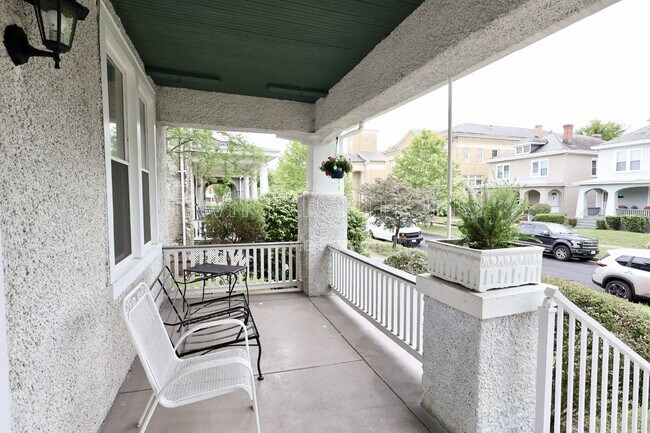 Building Photo - 2721 Garland Ave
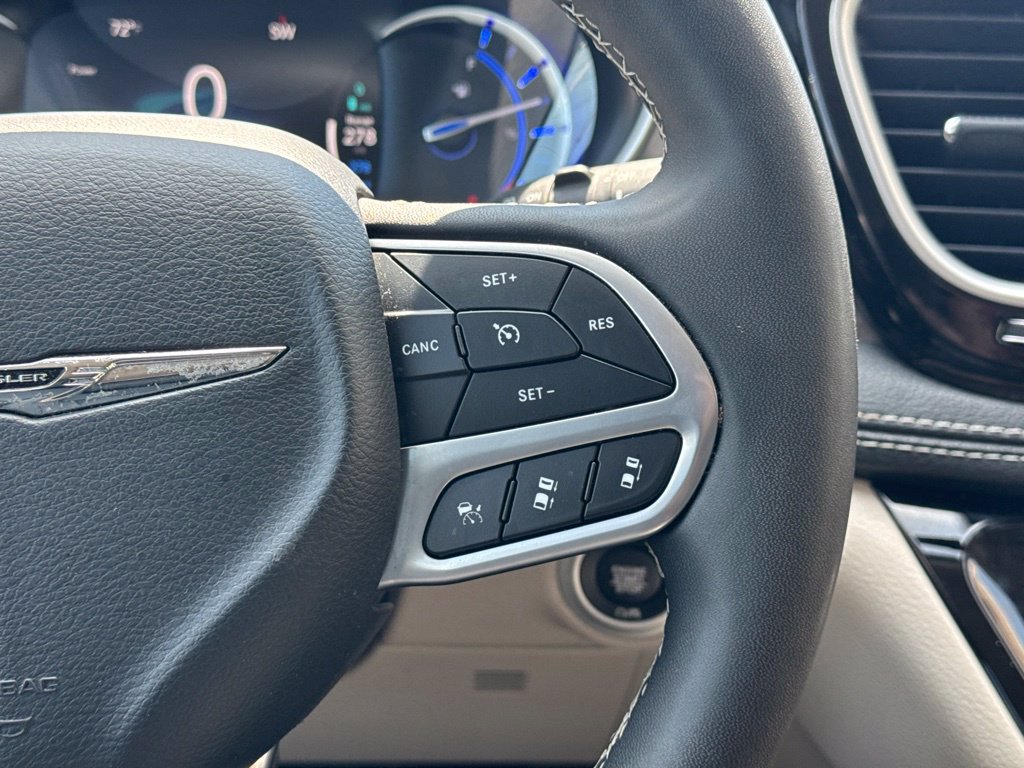 Used 2024 Chrysler Pacifica Limited FWD image 28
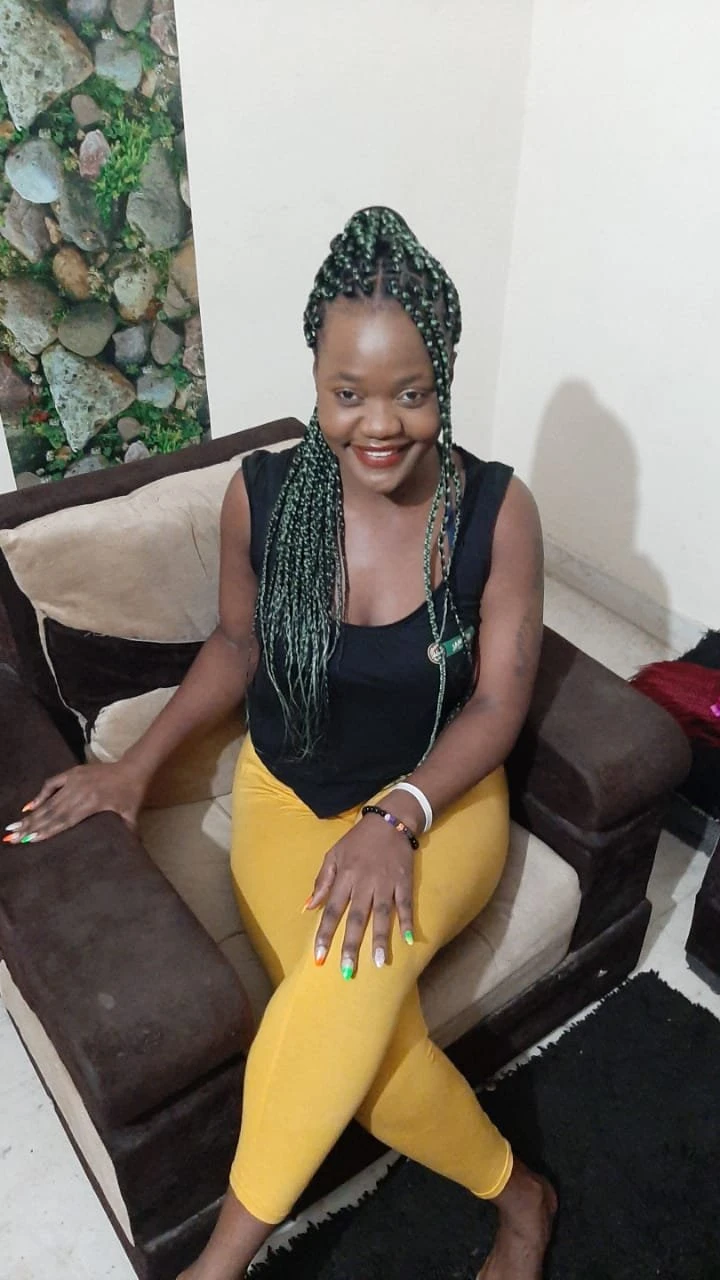 Lexxy – Kenyan escort in New Delhi — 2 / 8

..............................

> [TASK TO CARRY OUT]: Write out the material above exactly. Skip the pictures.

> [EXERCISE OUTPUT]:
 Building Photo - 2721 Garland Ave
 Used 2024 Chrysler Pacifica Limited FWD image 28
 Lexxy – Kenyan escort in New Delhi — 2 / 8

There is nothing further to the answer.